Published on February 6th, 2023 | by Bibhuranjan
04 Email Security Risks and How to Handle Them
If you were running a company with confidential and personal information being exchanged all the time, what kind of premises would you prefer: a simple hall with huge glass windows looking outside and a simple latched door, or a facility with comprehensive security and multiple layers of access?
Thinking solely in terms of security, you would probably choose the latter option, and a digital medium like email can benefit from the same treatment. If you want to turn your mailbox into a digital fortress, we recommend learning about the risks that may target it and how you can respond.
1. Interception
Emails can get intercepted for a variety of reasons, but oftentimes, there is some malicious intent. From the time you click send on a message to the moment it is opened by your recipient, there are many points where it can be captured and potentially read. For example, you might have unwittingly connected to a network set up by a hacker before sending, or the hacker has installed some malware on the email server.

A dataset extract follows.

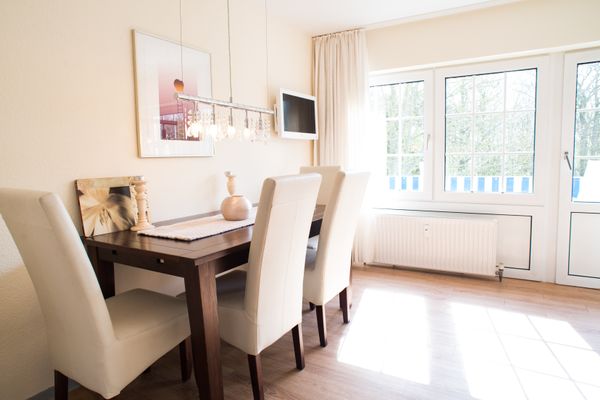  Haus Bielefeld Ferienwohnung 32 a Norderney -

If you choose to use end-to-end encrypted email, it will be very difficult for any attackers to read your messages, since an encryption key will be needed that the attackers shouldn’t have. If the encryption is end-to-end type, even the servers on the sending/receiving path will have no clue about message contents.
2. Mailing lists & leaks
It’s one thing to deal with the deluge of marketing emails you may or may not have subscribed to, but when your address is added to a spammer’s list, things get much worse. At best, you might receive dozens of nonsense spam that land right in your “Spam” folder. At worst, you may become the target of phishing attacks or even a database leak.

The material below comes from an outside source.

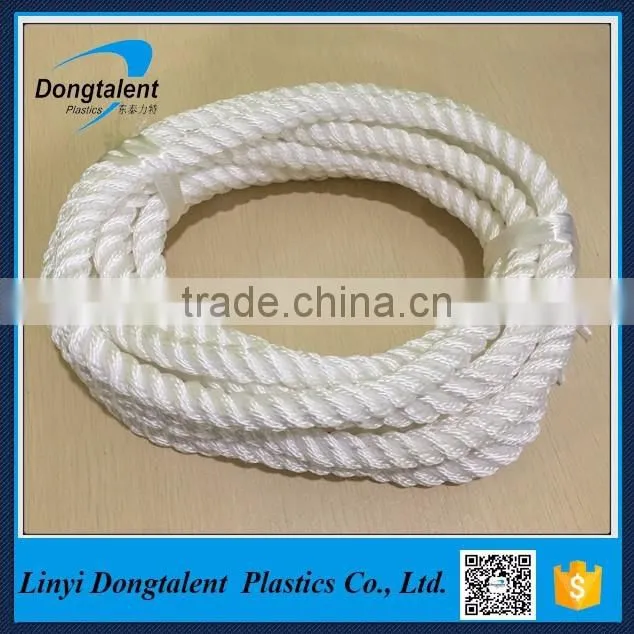 The price of nylon rope 12mm nylon rope price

In the latter case, a service or website where you used an email and password is breached, and the credentials of thousands of users are stolen, often resold. While it is impossible to control the security of services where you created an account, or prevent your email address from being harvested, the least you can do is use unique passwords on different websites, so that one leak doesn’t open the door to more breaches.
3. Spoofing
With the right knowledge, you can make any email look like it was sent by the U.S. president, a celebrity, a company, or whatever. And hackers certainly take advantage of this approach, known as spoofing. To prevent spoofed messages from reaching your main inbox, you can implement DMARC and DKIM records at the DNS level and examine email headers for sender information when you want detailed information on where a message originated.
4. Weak access protection
While protecting the flow and integrity of emails is an obvious priority, users should never forget about strengthening the doors to their mail fortress – password and login factors. If you have a simple password created at a time when the mail provider kept requirements light, now is a good time to make it more complex. As an additional step making it harder for unauthorized users to sign in, you can add another layer of protection like 2FA or fingerprint authentication.